Then in the Brisbane Courier Mail it was reported that “half of older Australians fear they are ‘financially unprepared’ for retirement with looming pension changes. More than a quarter of Australians aged 55 and over are worried they will not be able to afford food or household bills, new research has shown.”[2]

One of the most telling stories [3] I have read in recent months is from Bob Parry, a pensioner who has more than 60 years’ experience as an accountant. Mr Parry was so angry about the changes he wrote to the Prime Minister, Mr Malcolm Turnbull. Mr Parry did several calculations and found that a single pensioner who had total assets of $541,295 under the “old” rules would receive a part pension of $9,761 per year but under the “new” rules they would lose their entire part pension. Their fortnightly income would drop from $955 to $579 a fortnight. Similarly, a pensioner couple who own their own home with joint total assets of $814,128 under the “old” rules receive $14,065 per year. Under the “new” rules their fortnightly income would drop from $1480 to $939.

Under the Turnbull government, whatever way you look at it, it is a mean-spirited cut for older Australians. Those who have worked conscientiously over their lifetime and gone without, in so many areas, will no longer have a comfortable retirement.

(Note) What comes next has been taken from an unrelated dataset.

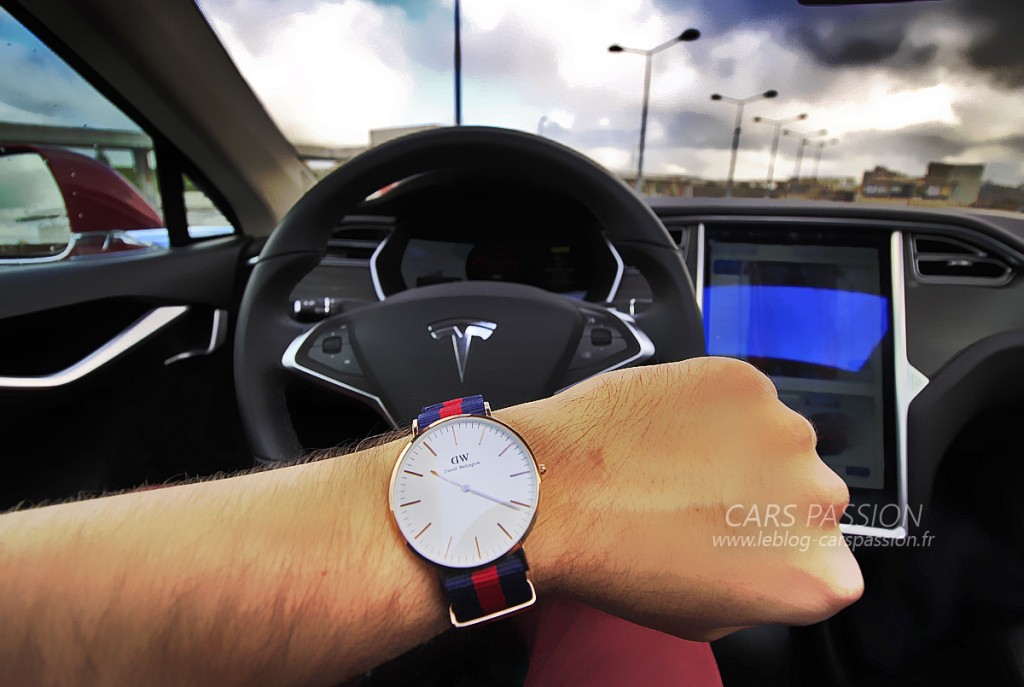 Tesla Model S P85D montre Daniel- Wellington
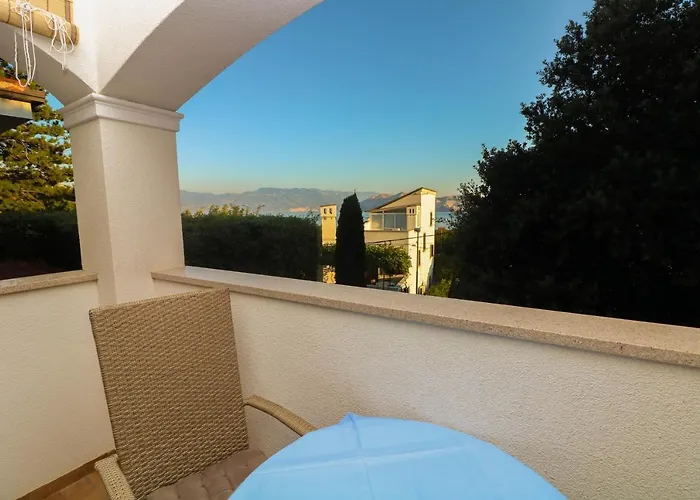 Daire Blue And With Balcony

Due to the cuts and changes, many older Australians will soon be “skint” with savings eroded as they dip into their capital. The changes will make every older Australian spend their savings until ALL older Australians are in the same “paupers” pool relying on the full pension and a less than modest lifestyle. The government changes are successful in one area, that is, in penalising “middle Australia” to improve the life of the less advantaged. This is the life of the “naked retiree” – skinned to the bones! Older Australians who depended on and planned for retirement under the “old” rules – living in the “lucky country”.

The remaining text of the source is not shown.